A little known identity:

$\sin\left(\frac{π}{10}\right)^2+\sin\left(\frac{π}{6}\right)^2=\sin\left(\frac{π}{5}\right)^2$

This makes the triangle a pythagorean triple, simplifying the problem greatly.

$A=\frac{1}{2}bh$

$A=\frac{1}{2}\left(2\sin\left(\frac{π}{6}\right)\right)\left(2\sin\left(\frac{π}{10}\right)\right)$

$A=\frac{1}{2}\left(1\right)\left(\frac{\sqrt{5}-1}{2}\right)$

$A=\frac{\sqrt{5}-1}{4}$

Therefore our final answer must be $5+1+4=\boxed{10}$ .

This is a proof sketch

Using basic trig we find the side length of an n-gon to be $2\sin\left(\frac{π}{n}\right)$

So our 3 sides are of length: $2\sin\left(\frac{π}{5}\right)=\frac{\sqrt{10-\sqrt{20}}}{2}, \ \ 2\sin\left(\frac{π}{6}\right)=1, \ \ 2\sin\left(\frac{π}{10}\right)=\frac{\sqrt{5}-1}{2}$

We then use this version of herons formula for ease:

$\large A=\frac{1}{4}\sqrt{(a^2+b^2+c^2)^2-2(a^4+b^4+c^4)}$

$=\frac{1}{4}\sqrt{\left(\frac{5-\sqrt{5}}{2}+1+\frac{3-\sqrt{5}}{2}\right)^2-2\left(\frac{15-5\sqrt{5}}{2}+1+\frac{7-3\sqrt{5}}{2}\right)}$

$\large =\frac{1}{4}\sqrt{ \left(5-\sqrt{5}\right)^2- 24+8\sqrt{5}}=\frac{1}{4}\sqrt{6-2\sqrt{5}}=\frac{1}{4}\sqrt{5-2\sqrt{5}+1}$

$\large =\frac{1}{4}\sqrt{\left(\sqrt{5}-1\right)^2}=\boxed{\frac{\sqrt{5}-1}{4}}$

$\therefore a+b+c=5+1+4=\boxed{10}$

A little more intuitive approach to come up with the (true) Pythagorean identity:

First calculate all the sides, we have: side of (pentagon, hexagon, decagon) = $(a,b,c)=(\sqrt{\frac{5}{2} - \frac{\sqrt{5}}{2}},1,\sqrt{\frac{3}{2} - \frac{\sqrt{5}}{2}})$ . Note: The formula for the sides is in $cosine$ rather than $sine$ , so it's $side = r\sqrt{2-2\cos{\frac{360^\circ}{n}}}$

You will automatically think of Heron's formula for area given the 3 known sides.

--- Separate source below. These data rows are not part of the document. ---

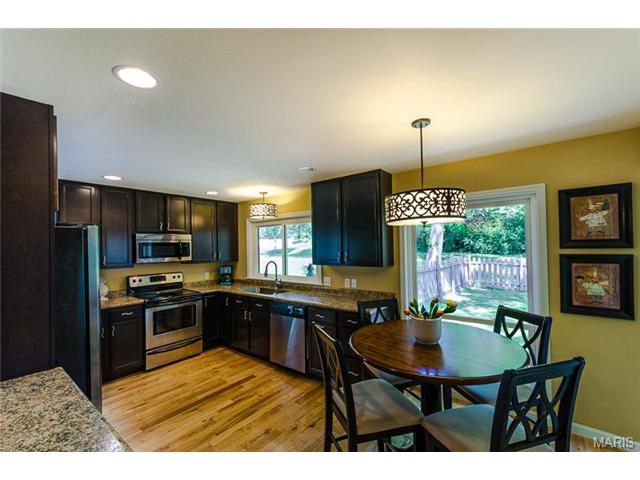 408 Tamarack Dr, Ballwin, MO 63011 photo 4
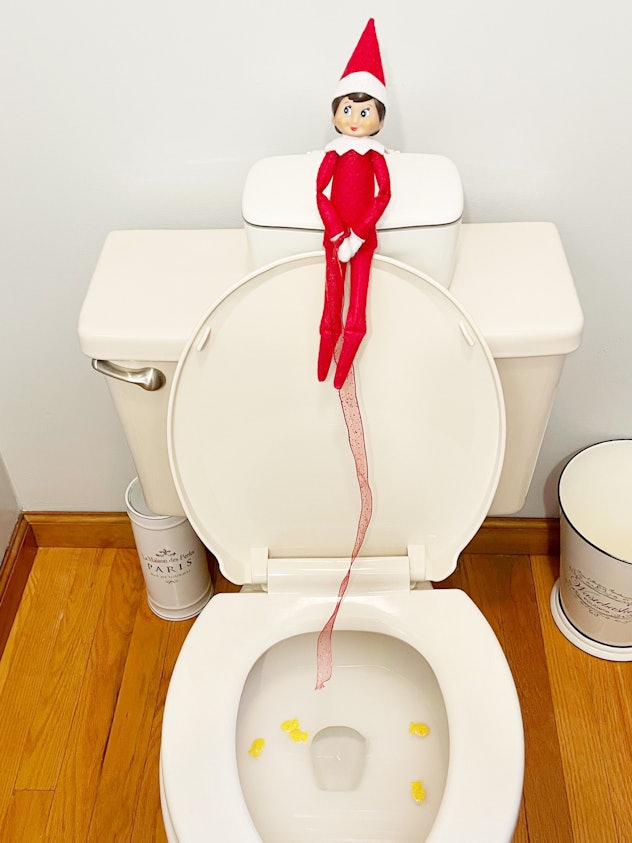 15 Elf On The Shelf Bathroom Ideas That Are Super Easy To Pull Off 15 Elf On The Shelf Bathroom Ideas That Are Super Easy To Pull Off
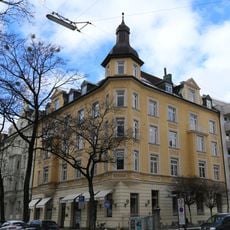 Franz-Joseph-Straße 40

However, you will see that without knowing the alternate form of Heron's formula, it's gonna be a gore manipulation if not impossible. Anyhow, it's gonna be tedious. So let's take a closer look at the sides, you will see that $a^2 - 1 = b^2$ and $1$ can be replaced by $c^2$ . Thus, $a^2 = b^2 + c^2$ and $\angle(b,c) = 90^\circ$ and hence a right triangle.